About this exercise – Copy out every line of the material below, character for character, apart from the pictures.

Data –
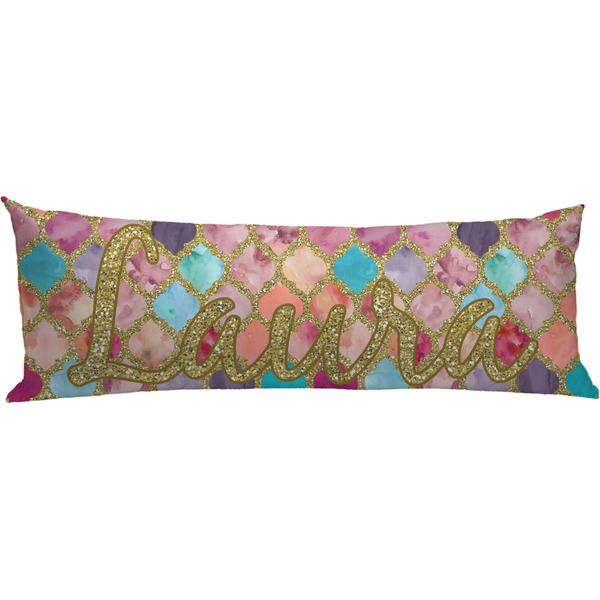 Custom Glitter Moroccan Watercolor Body Pillow Case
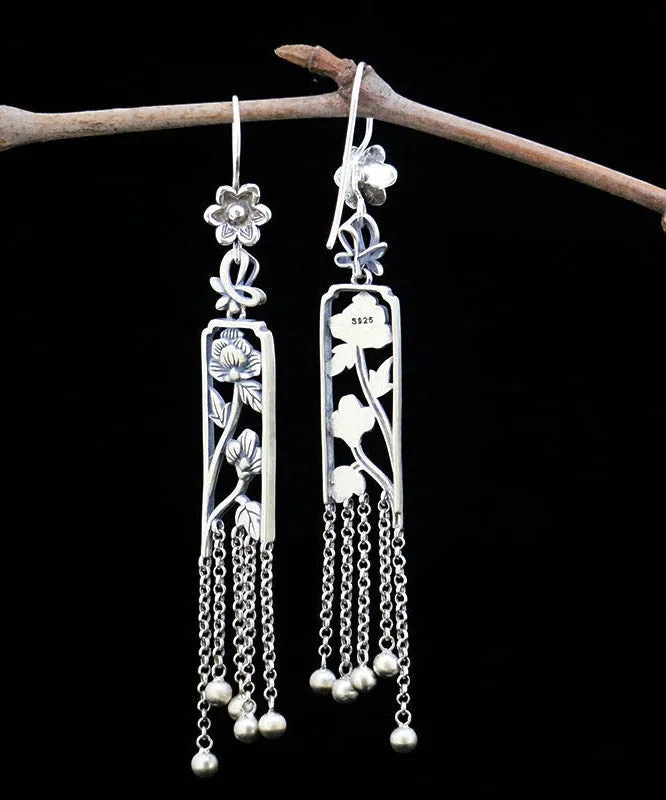 Retro Silk Sterling Silver Hollow Out Peony Tassel Drop Earrings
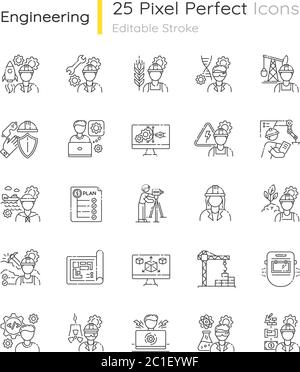 Marine engineer pixel perfect linear icon Stock Vector Image & Art - Alamy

Response to the task –
 Custom Glitter Moroccan Watercolor Body Pillow Case
 Retro Silk Sterling Silver Hollow Out Peony Tassel Drop Earrings
 Marine engineer pixel perfect linear icon Stock Vector Image & Art - Alamy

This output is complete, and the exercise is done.